Zoé hizo lo que le había pedido Miguel, y a continuación se concentró en la venganza. No había olvidado la amarga lección que había aprendido en el roce que tuvo con la muerte. No podía permitirse el lujo de esperar.

El eunuco Anastasio era precisamente la herramienta que necesitaba. Poseía inteligencia y la honestidad profesional que hacía que la gente se fiara de él. Era consciente de que él no se fiaba de ella, y que ansiaba obtener información acerca de la muerte de Besarión.

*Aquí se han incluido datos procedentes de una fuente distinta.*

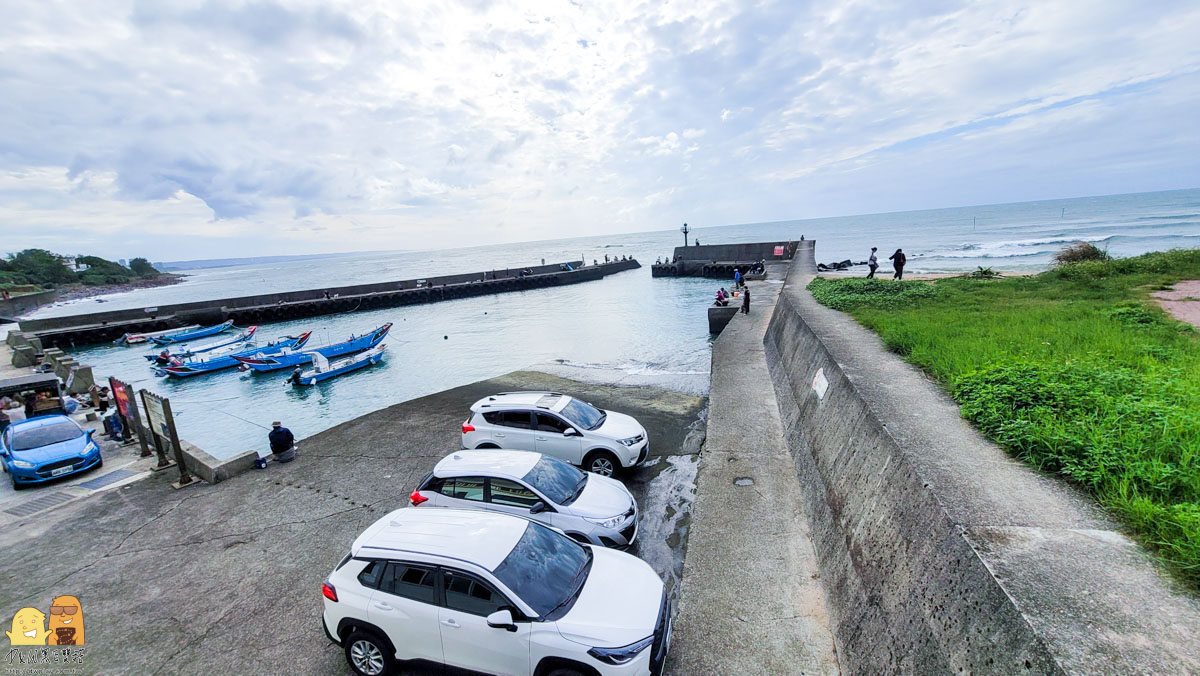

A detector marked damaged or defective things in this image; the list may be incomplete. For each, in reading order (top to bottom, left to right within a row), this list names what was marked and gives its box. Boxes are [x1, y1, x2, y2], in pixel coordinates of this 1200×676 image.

cracked concrete ground [0, 369, 700, 676]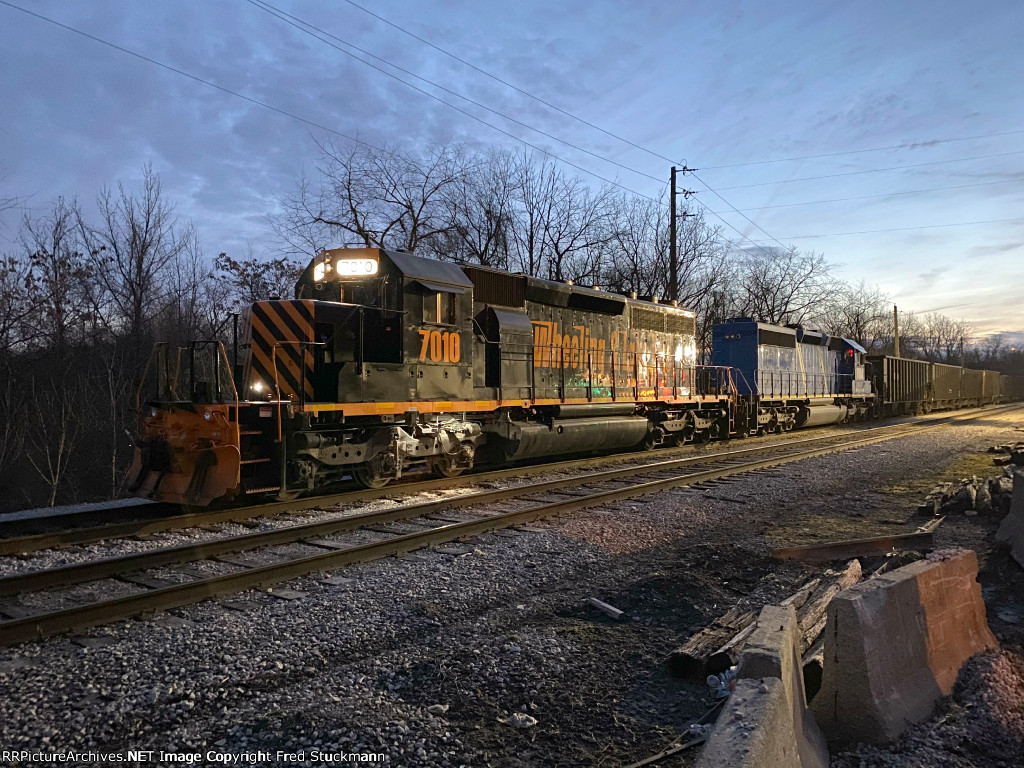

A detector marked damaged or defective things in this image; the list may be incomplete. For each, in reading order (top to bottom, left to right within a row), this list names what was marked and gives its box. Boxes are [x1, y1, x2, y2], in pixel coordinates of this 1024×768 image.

broken concrete slab [991, 473, 1024, 569]
broken concrete slab [696, 606, 831, 768]
broken concrete slab [811, 548, 995, 749]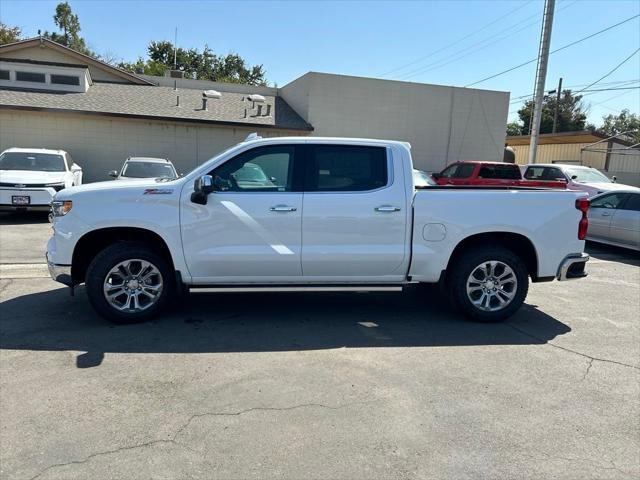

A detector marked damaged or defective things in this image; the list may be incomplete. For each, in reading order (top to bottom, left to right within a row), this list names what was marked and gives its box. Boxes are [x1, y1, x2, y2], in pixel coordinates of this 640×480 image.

crack in asphalt [508, 320, 636, 374]
crack in asphalt [27, 402, 362, 480]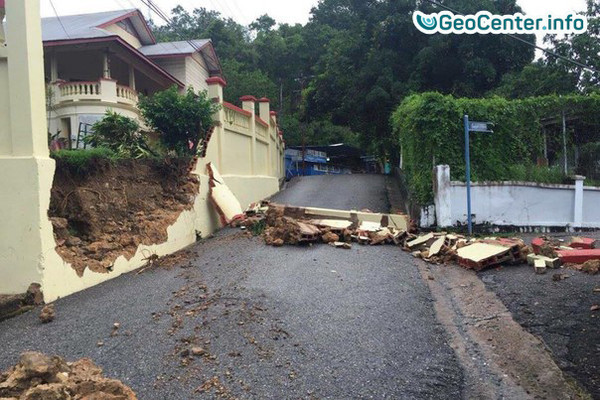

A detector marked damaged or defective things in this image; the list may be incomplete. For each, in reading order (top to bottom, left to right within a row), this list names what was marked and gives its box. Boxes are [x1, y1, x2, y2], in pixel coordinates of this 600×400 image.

broken concrete slab [206, 162, 244, 225]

Un día, ella dedicaría un poco de tiempo a averiguar exactamente cuáles eran sus motivos.

Mientras tanto, había un delicado equilibrio de ironía en el hecho de servirse de él para engañar y llevar a la perdición a Cosmas Cantacuzeno, la avaricia de cuya familia había robado a Bizancio algunas de sus mejores obras de arte.

Iba vestida con una túnica de color vino oscuro y encima una dalmática más oscura todavía, en una trama granate con una veta negra, que capturaba la calidez de los rojos a la luz del fuego cuando pasaba por debajo del resplandor de las antorchas.